Local woman looks back on century's harvest

Blowing out 100 candles is no small feat. That is unless one employs a hand fan, as Hinsdale's June Franc did when she celebrated becoming a centenarian on May 31.

"I'm full of hot air," Franc quipped while sitting on her front walk surrounded by a lush garden.

She and her late husband, Harold, started tending their plot on the village's north side in 1958 as Ohio transplants. Harold's engineering career had brought the young family west, and they were smitten by Hinsdale's hilly topography in the predominantly flat region.

"There were old houses. A lot of families, a lot of kids," she said of the block then, noting the redevelopment that has occurred since.

Born in 1924, Franc grew up in Cleveland during the Great Depression. She looked back with gratitude that her parents always found a way to provide for her and her seven siblings.

"My father would walk the streets looking for work. We never went hungry," she shared of her German immigrant dad. "He could do anything."

Franc helped her mom by caring for her younger sister and younger twin brothers. Her now 96-year-old sister, Jean, is her only surviving sibling. Franc met her musical husband through their church's youth group.

"He played the flute in the church band. His brother played the violin, his sister played the cello, and the other sister played the piano. They were our whole band," Franc said with a laugh.

Harold and her brothers served overseas during World War II, a source of constant unease.

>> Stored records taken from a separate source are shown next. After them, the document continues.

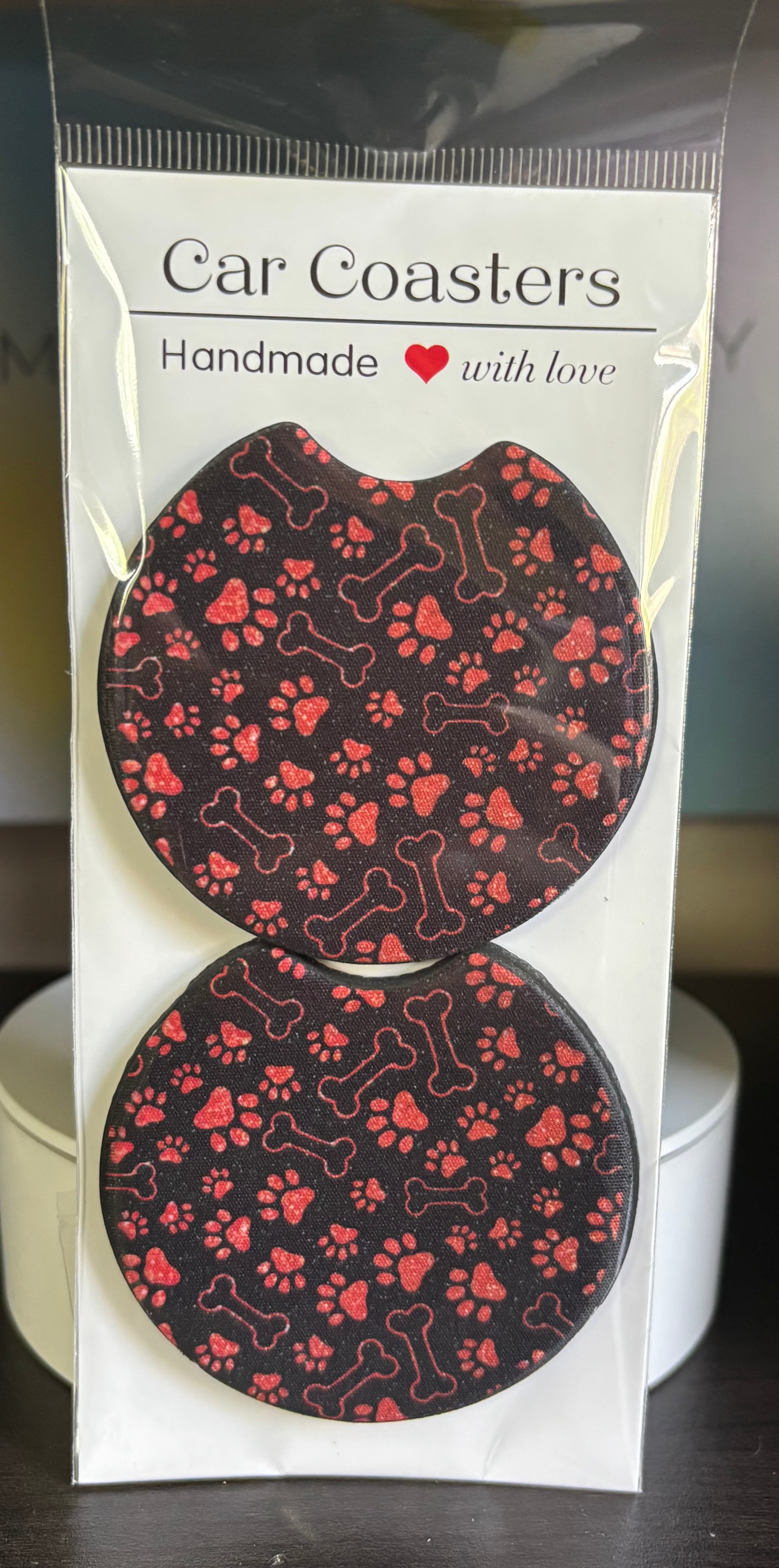 Dog paw bones Car Coaster
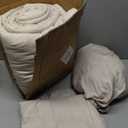 MUXHOMO 7 Pieces Queen Comforter Set, Soft Bed in a Bag Queen Size, All Season Bedding Set with Comforter, Flat Sheet, Fitted Sheet, Pillowcases & Shams, Beige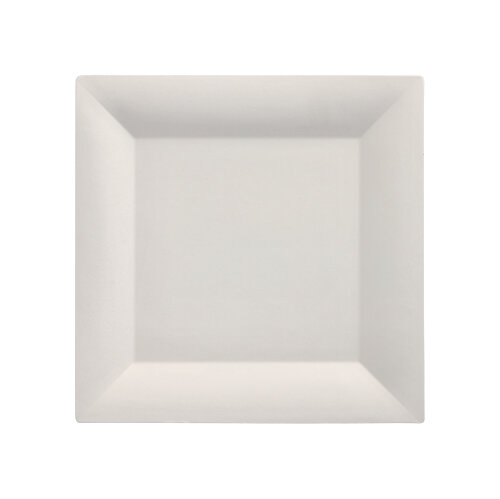 10 x 25 Fingerfood - Teller, Zuckerrohr "pure" eckig 1,5 cm x 20,3 cm x 20,3 cm weiss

Harold joined the U.S. Army Signal Corps in the Pacific, stringing military communication lines that often required going in ahead of the regiments.

"You had to be very careful where you put your hands when you climbed the tree because in the crotch of the tree they'd put mines," Franc said of the perilous assignment.

On the homefront, war rationing meant limited supplies.

"You had to have a ticket to buy meat, you had to have a ticket to by anything," she said. "We had a lot of chicken soup, because that really lasted."

Franc recalled her Cleveland neighbors throwing a victory party at war's end. Her mom declined the invitation.

"She was on the porch praying that my brothers would come home safe," she said.

In Hinsdale, Harold became the neighborhood handyman, and Franc found an outlet at Graue Mill volunteering for decades as a spinner and weaver and educating visitors young and old on the life skills of a bygone era.

"It felt like I was doing something," she said of the opportunity. "The children had never seen a spinning wheel. They'd never seen how you'd make bread."

She looked back fondly at family bowling outings, being active at then-Hinsdale Baptist Church and doing crossword puzzles with Harold. She lamented his death at age 75 before he was able to fully embrace retirement.

Franc shared the secret of how her rich life, like her bountiful garden, continues to flourish.

"Stay out of trouble. Don't drink, don't smoke, don't do any of that stuff," she said. "You just go day by day."